London, June 30, 2026, 20:05 BST
- Eurasia Mining plc (LON:EUA) closed at GBX 2.64 in London on June 30, a gain of 10.0%. Trading volume finished above average.
- The company reported a group profit after tax of £7.17 million for 2025, turning around from an £8.65 million loss in 2024.
- Eurasia Mining booked a £8.47 million net FX gain, outpacing the headline profit. Revenue dropped and operating cash flow slipped into the red.
- The West Kytlim deal hasn’t cleared state regulators yet. The mine holds roughly 0.3% of the group’s reserves and resources.
Eurasia Mining plc (LON:EUA) moved higher Tuesday after the Russia-facing miner posted a profit for 2025, but the headline hides a weaker story for shareholders. The profit was down to an accounting foreign exchange gain, with cash actually flowing out of the business.
The AIM-listed share last traded at GBX 2.64 at 16:30 in London, gaining 10.0% on the day. Trading volume came in at 5.42 million shares, about 1.45 times the 3.73 million average according to Google Finance. Market cap stood at £77.92 million.
Eurasia reported a group profit after tax of £7.17 million for 2025, swinging from an £8.65 million loss the year before. Revenue dropped to £5.42 million from £6.64 million. Other gains totaled £8.47 million, reversing a £6.39 million loss. The company said most of the FX impact came from revaluing monetary assets and liabilities tied to rouble exchange-rate shifts.
| 2025 results | 2025 | 2024 | Change / read-through |
|---|---|---|---|
| Revenue | £5.42 mln | £6.64 mln | Down 18.3% |
| Gross profit/(loss) | £1.24 mln | £(0.07) mln | Gross margin now positive |
| Net FX gain/(loss) | £8.47 mln | £(6.39) mln | FX was main driver |
| Profit/(loss) after tax | £7.17 mln | £(8.65) mln | Moved to profit |
| Operating cash flow | £(3.64) mln | £3.95 mln | Now cash outflow |
| Year-end cash | £2.54 mln | £3.68 mln | Down 31.0% |
The FX gain made up 118% of group profit after tax. Without it, the £7.22 million reported pre-tax profit flips to about a £1.25 million pre-tax loss, looking at the company’s own numbers. That’s a problem for Eurasia, which needs money for Russian asset exits and Arctic projects but doesn’t want to go deep on new equity.

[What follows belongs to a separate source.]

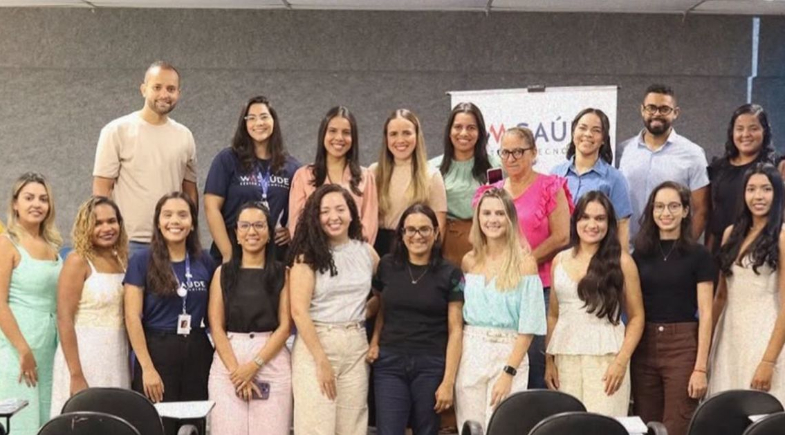 Prefeitura de Curimatá capacita equipe de saúde para uso do sistema TECSUS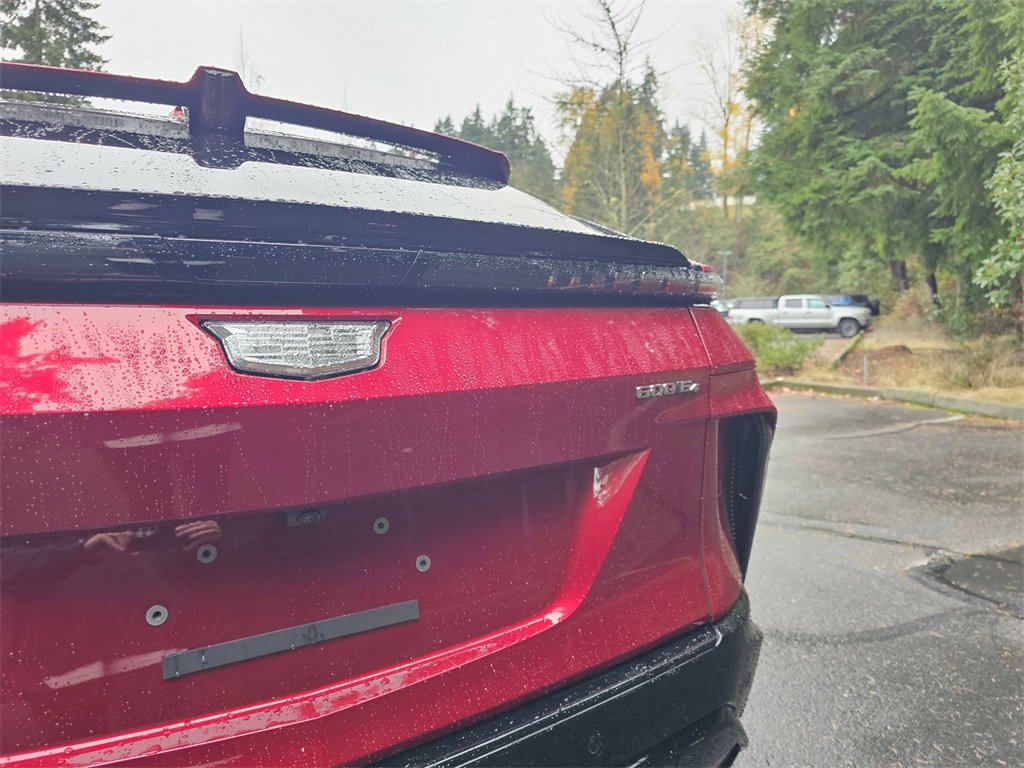 New 2026 Cadillac Lyriq Sport image 16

Executive Chairman Christian Schaffalitzky said the company is still focused on the planned sale and that the board isn’t looking at an equity raise ahead of a Ukraine settlement. The annual report said directors agreed to defer pay from May 1, 2025, until all Russian assets are sold.
| Market snapshot | Value |
|---|---|
| Shares last traded at | GBX 2.64 |
| Moved on day | +10.0% |
| Today’s price range | GBX 2.32–2.70 |
| Market cap | £77.92 mln |
| Trading volume | 5.42 mln shares |
| 52-week price band | GBX 2.05–5.97 |
| Market cap/group 2025 profit | 10.9x |
| Market cap/parent holder 2025 profit | 17.5x |
The valuation table spells out the issue. On reported group profit, the shares don’t look expensive for a miner with exposure to Arctic nickel, copper and PGMs. Profit to ordinary shareholders pushes the multiple up. Strip out FX, and the earnings multiple falls apart.
Eurasia’s West Kytlim mine is the near-term test. The company said it has agreed to sell its 68% stake in ZAO Kosvinsky Kamen, which owns West Kytlim, for RUB 671.2 million, or roughly $9 million. In the same RNS, Eurasia put the statutory valuation at about $251 million, but Russian rules for asset sales left only about 5% of that going to the seller after discounts and taxes.
West Kytlim is limited in reserves but makes up a big share on the books. It’s Eurasia’s only producing site, and when the deal closes, Eurasia would stop including West Kytlim’s revenue, costs, assets, debt, and cash flows in its results. The company said the deal still needs government sign-off, with no clear timeline.
Investors gave the green light to the disposal at a general meeting on Jan. 15, with the two measures passing by about 74.7% and 74.6% of votes. Around 44% of total share capital was voted for each item.
Kola is the last pitch left. Eurasia said its projects at Monchetundra, NKT and Nyud in the Kola Peninsula make up around 99.7% of its group reserves and resources. Work at NKT is moving toward a feasibility study set for 2026. West Kytlim put out over 10,000 ounces of raw PGM during the 2025 season.